These factors coupled with all the surrounding circumstances, it was said, combined to overwhelm the appellant and effectively to deprive him of his free will.
Conclusions
We have concentrated on the appellant’s mental state as requested. We have no hesitation in finding that there was no basis whatsoever for the application to vacate the pleas of guilty. Unfortunately we found little in what the appellant said remotely credible. He gave us the clear impression of someone prepared to say or do anything to escape the consequences of his actions.

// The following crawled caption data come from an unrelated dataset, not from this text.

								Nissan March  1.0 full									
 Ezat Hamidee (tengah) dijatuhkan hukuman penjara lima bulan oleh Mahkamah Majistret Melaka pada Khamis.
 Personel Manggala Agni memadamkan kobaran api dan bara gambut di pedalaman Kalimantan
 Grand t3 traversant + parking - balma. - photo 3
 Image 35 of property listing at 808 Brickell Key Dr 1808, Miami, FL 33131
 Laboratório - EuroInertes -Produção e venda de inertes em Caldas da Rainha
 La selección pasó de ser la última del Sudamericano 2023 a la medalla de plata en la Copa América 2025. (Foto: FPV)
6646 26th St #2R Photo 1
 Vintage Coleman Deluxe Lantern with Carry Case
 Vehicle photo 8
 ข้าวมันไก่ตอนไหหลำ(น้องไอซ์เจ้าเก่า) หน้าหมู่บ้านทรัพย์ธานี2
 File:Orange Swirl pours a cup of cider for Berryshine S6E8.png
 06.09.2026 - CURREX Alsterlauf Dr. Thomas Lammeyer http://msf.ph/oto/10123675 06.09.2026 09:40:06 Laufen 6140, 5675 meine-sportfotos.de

The appellant (although still young) was an experienced criminal solicitor; he was represented by very experienced counsel and solicitor. He was put under no pressure of time or circumstances by the judge or his counsel. Yet he chose to volunteer the fact of his guilt. He apologised for misleading his legal team. Counsel explained in words of one syllable, that a layman could have understood, that he should not plead guilty unless he was guilty. He was advised he had several options. Yet, the appellant decided he would plead guilty. He signed a statement and an endorsement to the effect he was guilty. We do not underestimate the effect of the strain he was under (faced with the loss of his career for which he had worked hard and with imprisonment) but that strain was not such as to deprive him of his free will. There is nothing to suggest he was forced to plead or that the plea is unreliable.
Had the single judge had the benefit of this information we doubt that she would have given leave on any of the grounds. However, she did not know what had happened at trial, because by the time the application was lodged the appellant had not yet waived privilege.
We remind all concerned of the judgment of the court in Doherty and Mc Gregor [1997] 2 Cr App R 218 given by the then Lord Justice Judge. The facts were different in that fresh counsel instructed by McGregor alleged incompetence on the part of trial counsel whereas Mr Holland has carefully avoided an attack of that nature here. However, much of the guidance in Doherty and McGregor applies more generally. Where a fresh advocate is instructed to advance an application for leave to appeal based on the conduct of the trial, s/he should consider very carefully whether it is necessary to contact the trial lawyers and or advise their client to waive privilege. This should be done at an early stage and preferably before the application for leave is put before the single judge so that, where appropriate, the single judge can have the benefit of the trial lawyers’ comments.
Here, waiver was inevitable and should have been made much earlier. This appeal could not be advanced properly without a response from those who advised the appellant and represented him on the day he entered his pleas of guilty.
Having concluded that any application to vacate the plea was doomed to fail, we need not consider in any detail the impact of the judge’s refusal to hear the application in camera. Suffice it to say the judge was obliged to take into account the interests of all the parties including those of the co-accused when considering the openness of a hearing. He had a difficult balancing exercise to perform and he did so fairly and with absolute propriety. We have no doubt that he would have found a way to conduct the hearing without increasing any potential threat to the appellant.
For all those reasons, as indebted as we are to Mr Holland, who has advanced his case with skill, moderation and good sense, we are satisfied the convictions are safe. The appellant was not driven to plead guilty by the force of circumstances and it is not in the interests of justice to allow him to vacate his plea.